SD-IRA Tax Compliance is Worth the Investment

Preface: SD-IRAs are a complex taxation field. Appropriate compliance and risk mitigation begins with an awareness that tax risks exists. This blog is help you be aware of the facts about SD-IRA’s and prevent taxing mistakes.

SD-IRA Tax Compliance is Worth the Investment

Are you a vanguard retirement investor with a self-directed IRA (SD-IRA)? It’s like buying a car, you’re advised to shop wisely, and opinions and options vary. SD-IRAS are not a new investment feature. They’ve been in existence for years. Yet, popularity is now increasing, and along with that growing optimism on the vanguard retirement investing option, is a need to understand tax compliance, and non-compliance tax risks.

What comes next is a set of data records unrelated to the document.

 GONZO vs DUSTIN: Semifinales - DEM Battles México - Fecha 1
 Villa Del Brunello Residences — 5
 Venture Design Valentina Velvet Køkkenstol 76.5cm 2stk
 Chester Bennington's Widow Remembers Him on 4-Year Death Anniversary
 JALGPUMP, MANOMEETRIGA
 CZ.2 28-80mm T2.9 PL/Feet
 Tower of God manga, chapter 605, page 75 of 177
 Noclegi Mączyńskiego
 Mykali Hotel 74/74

The facts are that less than 50% of SD-IRA investors properly handle legal and tax compliance issues. More concerning, is the fact, that many of the investors are oblivious that problems even exist. If your retirement funds are in an SD-IRA make sure you’ve invested in the proper advice to get and stay in compliance with tax laws. A prohibited transaction can invalidate the IRA and tax penalties can reach 100%. Ideally, you should understand the tax risks before investing. Let’s look at two hypothetical working examples to begin to paint the picture of what the tax risks look like.

Ulrich and Louisa’s SD-IRA will be our first hypothetical risk assessment working example. Ulrich and Louisa saved up $80,000 in a traditional IRA before Ulrich heard how he could transfer the funds into a SD-IRA and invest in commercial real estate. He and several friends pooled their funds and bought a $1,525,000 commercial office complex, with a $700,000 loan from the local bank. Soon they were earning 15% on their money with 15 year triple net lease tenants, and looking for the next deal.

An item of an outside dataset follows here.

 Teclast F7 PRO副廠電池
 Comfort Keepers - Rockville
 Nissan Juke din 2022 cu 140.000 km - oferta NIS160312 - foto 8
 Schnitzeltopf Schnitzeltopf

When sitting with the financial advisor one day, Ulrich and Louisa’s advisor suggested they check the compliance risks on the investments, namely the SD-IRA. He said the vanguard investment fields risk is often hidden to most. They listened to the advice. After contacting there CPA, they became aware that the personal guarantee on the SD-IRA bank loan was a prohibited transaction under IRC Section 4975. In addition, the CPA told them that a certain percentage of the rental income was subject to unrelated debt-financed income under IRC Section 514. This subject the SD-IRA investment to a 990-T filing and an imposed tax on the pro-rata SD-IRA earnings. Ulrich and Louisa were surprised to learn that the noncompliance tax risks would result in a likely tax penalty in excess of $100,000 on the SD-IRA assets.

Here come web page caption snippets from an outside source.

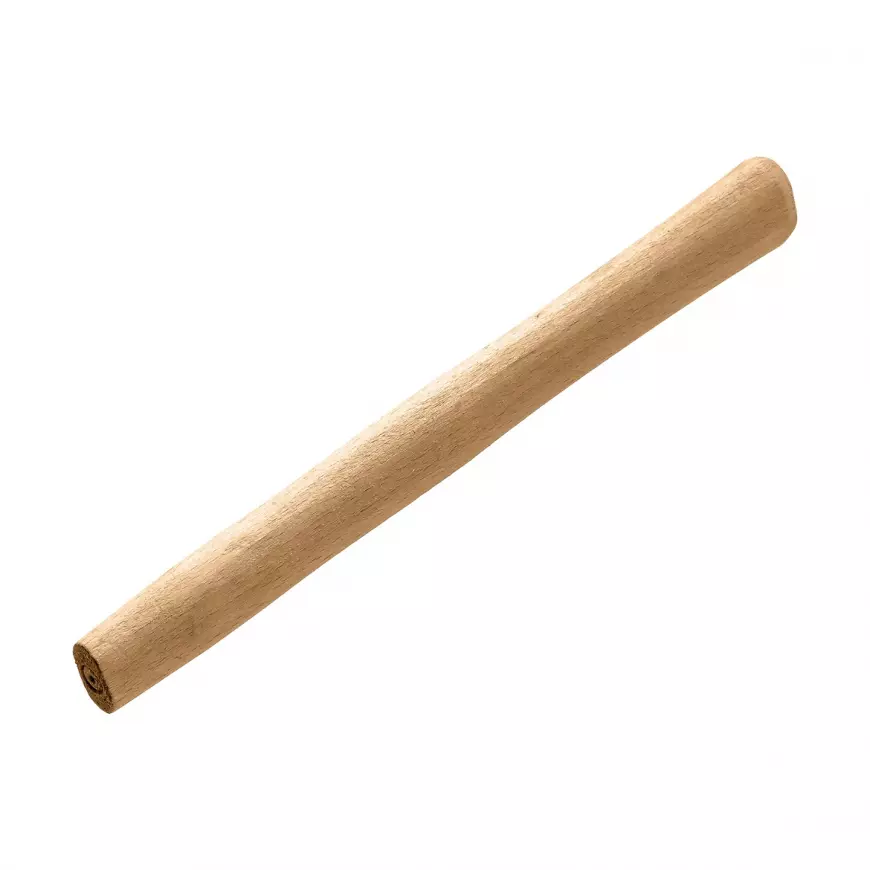 Dřevěné topůrko 280 mm Pro kladivo 0,2 kg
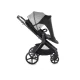Jané Univerzális napellenző Black Jané Univerzális napellenző Black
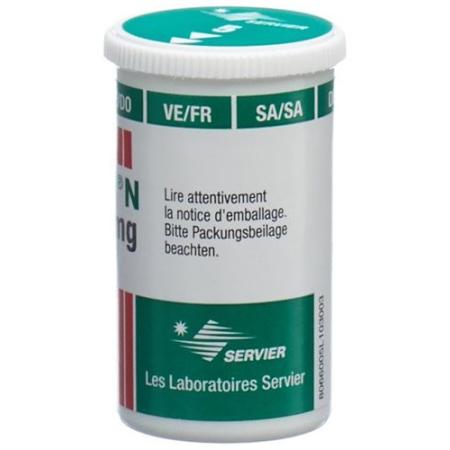 Coversum N film tabl 5 mg bottle 30 pcs - PrimeCare Global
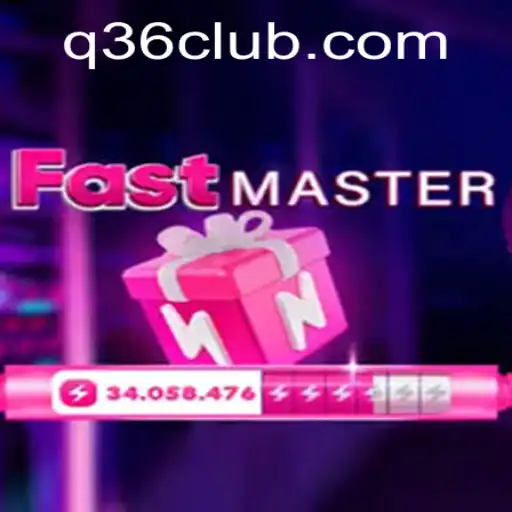 Discover FastMaster: A Riveting Adventure with Q36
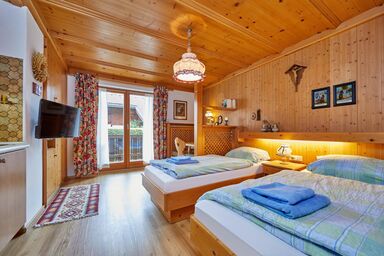 Gästehaus Eder, Dikova - Ferienwohnung Breitenau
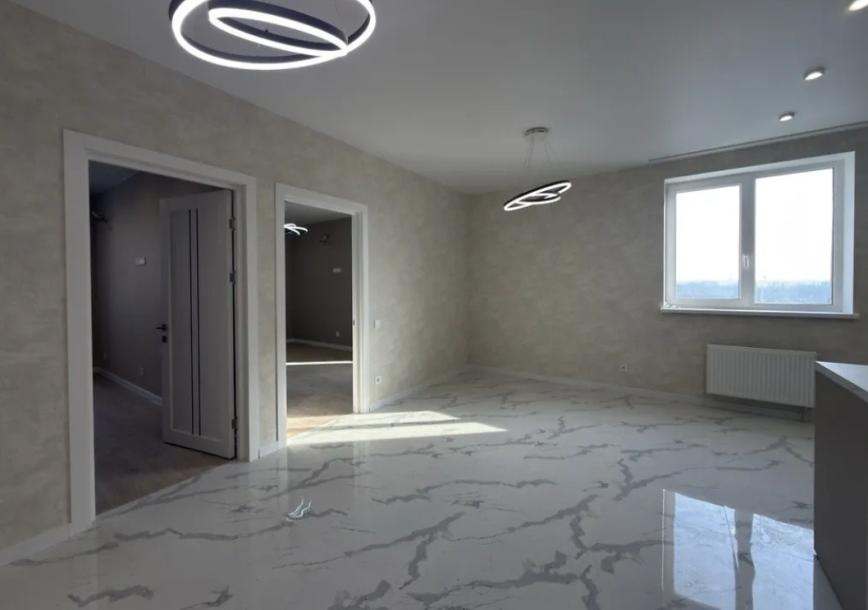 квартира, 2-кімн., Харьков, 522м/р, Непокоренных (Героев Труда)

Amos’s SD-IRA will our second hypothetical risk assessment working example. Amos was opposed to stock market investing with IRA and when he learned that he could invest in a furniture manufacturing business he did some online research and found an SD-IRA custodian online with the lowest rates, transferred his IRA, and invested $250,000 in Suites R Us, L3C. The first year was very successful. Soon Amos and his wife agreed that Amos should work daily at Suites R Us to help the business keep pace since it was so developing so successfully. When Amos filed his taxes that year, his IRA contribution was questioned by the CPA since Amos said he was investing in his own business, and saving on taxes too. The CPA said he might have a compliance risk. When they assessed the SD-IRA, Amos was surprised to learn that he was subject to unrelated business income tax and 990-T filing with his SD-IRA under IRC 514, and payment of appropriate taxes. He also discovered his employment in the business subject his SD-IRA investment to a prohibited transaction under IRC 4975. Combined this risk resulted in more than a 30% tax on the amounts involved, plus accuracy related penalties; or more than $97,000 in tax. 

These are only two hypothetical working examples on SD-IRA risks, but realistic. If you are thinking of leveraging a SD-IRA for your retirement assets, you’re advised to invest the time and resources to see to appropriate compliance. Appropriate compliance is simply understanding the complex SD-IRA tax laws and regulations and  compliance adherence. Often a tax expert, say either a CPA or attorney, can help you make sense of the tax risks.